Première urgence: la libération des routes traversant la zone de Notre-Dame-des-Landes, signe d'un début de retour à la normalisation de la ZAD et à l'État de droit.
Le Premier ministre Édouard Philippe a sommé mercredi les opposants de rendre les routes bloquées "à la libre circulation de tous", faute de quoi les forces de l'ordre "procéderont aux opérations nécessaires". Le ministre de l'Intérieur, Gérard Collomb, a demandé jeudi matin que ce soit fait "d'ici la fin de la semaine prochaine".
Le mouvement anti-aéroport dans son ensemble s'est engagé mercredi "à y répondre lui-même", mais avec du temps et pas sous la contrainte policière. En périphérie de la ZAD, les forces de l'ordre restaient discrètes jeudi matin, effectuant des contrôles routiers à des points clés afin d'éviter notamment l'introduction sur le site de matières dangereuses.
Sur les trois routes traversant la zone, une pose problème: la D281, dite aussi "route des chicanes", obstruée depuis cinq ans de divers obstacles (pneus, épaves de véhicules, barricades en tous genres) et "gardée" quasiment en permanence depuis des cabanes et miradors. Sa libération fait débat depuis de longs mois au sein du mouvement anti-aéroport.
"Il n'y a pas de position unanime sur la ZAD à ce sujet", expliquait mercredi Marcel Thébault, agriculteur installé à Notre-Dame-des-Landes depuis 1999.
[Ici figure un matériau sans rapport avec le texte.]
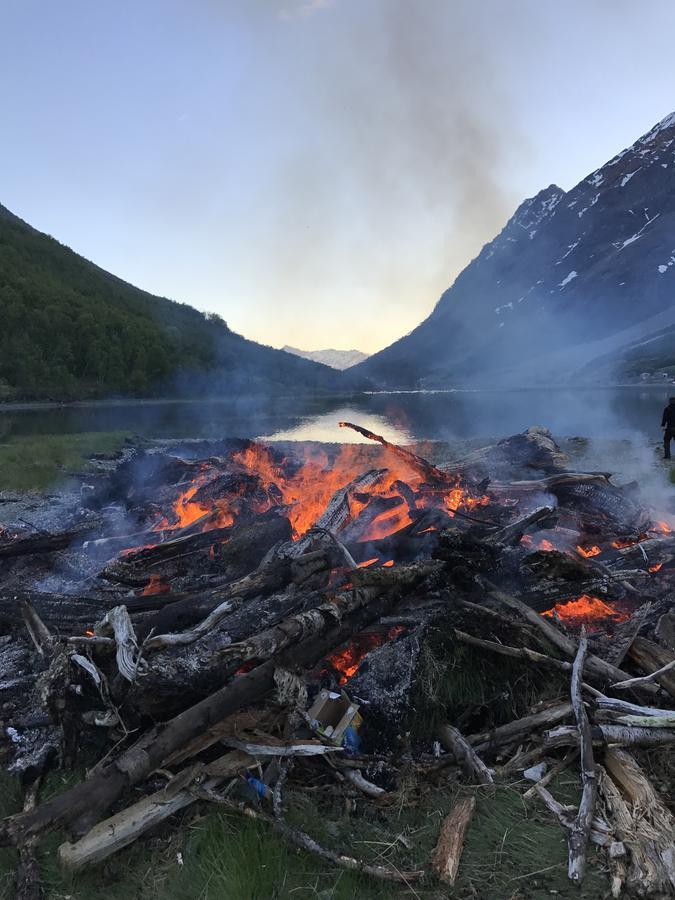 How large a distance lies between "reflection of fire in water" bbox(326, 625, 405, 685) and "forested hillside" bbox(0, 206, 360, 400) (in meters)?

Pour Jean-Paul Naud, maire (sans étiquette) de Notre-Dame-des-Landes, l'idéal est de pouvoir "la rouvrir sans l'intervention des forces de l'ordre".
- Le devenir des terres -
Les discussions s'annoncent plus longues sur le devenir des terres de la zone, notamment sur les "5/600 hectares" selon le maire (sur 1.650), où les zadistes ont lancé des projets agricoles.
Le ministre de l'Agriculture, Stéphane Travert, a proposé jeudi sur Sud Radio d'assigner ces terres à la production de produits bio ou sous signes de qualité pour alimenter la restauration collective régionale.
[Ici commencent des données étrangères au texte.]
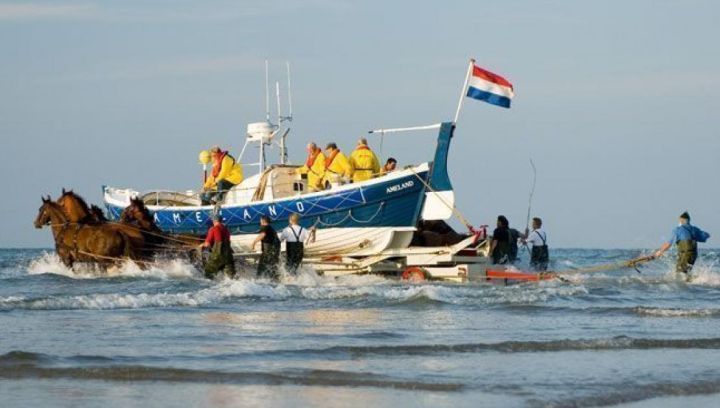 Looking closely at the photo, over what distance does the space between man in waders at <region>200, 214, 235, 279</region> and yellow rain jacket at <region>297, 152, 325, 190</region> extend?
13.9ft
Les occupants de la ZAD se disent "prêts à négocier" avec l'État sur le futur projet de territoire agricole, mais ont répondu à l'ultimatum d'Édouard Philippe, qui a donné jusqu'au 30 mars pour évacuer les lieux, par un "refus de toute expulsion".
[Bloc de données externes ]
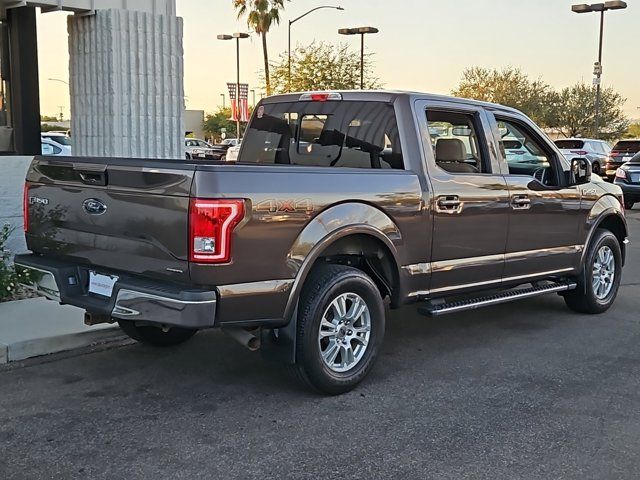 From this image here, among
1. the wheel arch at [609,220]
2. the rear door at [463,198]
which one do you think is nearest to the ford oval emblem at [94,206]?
the rear door at [463,198]

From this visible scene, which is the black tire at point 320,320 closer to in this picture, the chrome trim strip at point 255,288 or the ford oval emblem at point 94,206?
the chrome trim strip at point 255,288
"On va se battre pour que tout le monde puisse rester ici et on va continuer à construire nos vies ici", affirme une occupante de longue date de la ZAD tandis que d'autres zadistes annonçaient dès mercredi soir leur départ "vers d'autres luttes", avant le printemps.
"Un beau projet se dessine pour la ZAD (...) Pour nous, le Larzac, où l'État restant propriétaire a cédé des sortes de baux à long terme à une société civile qui gère le foncier, est un exemple à suivre. Ce qui nous importe n'est pas la propriété des terres mais leur usage", a souligné à Paris lors d'une conférence de presse des associations Cécile Muret, secrétaire nationale de la Confédération Paysanne, fer de lance de la contestation anti-aéroport.
Les négociations ont déjà commencé, en se basant sur un document en six points signé par 22 organisations qui appellent à un rassemblement "le 10 février" dans le bocage.
"Six installations se sont faites récemment sur la zone et l'enjeu est de (...) répondre à tous les néo-ruraux qui ont des projets pour la faire vivre", a souligné Raphaël Bellanger, du FADEAR (réseau d'accompagnement et de formation).
Enfin, après l'abandon du projet, les discussions ont commencé avec le groupe Vinci qui devait construire l'aéroport de Notre-Dame-des-Landes. Le PDG du groupe, Xavier Huillard, devait être reçu jeudi en fin de journée par le ministre des Finances, Bruno Le Maire, et la ministre des Transports, Élisabeth Borne.
Mme Borne doit "regarder avec lui comment nous pouvons réduire le coût de cette opération pour le contribuable", a précisé M. Le Maire, "L'objectif étant évidemment que le coût soit le plus réduit possible".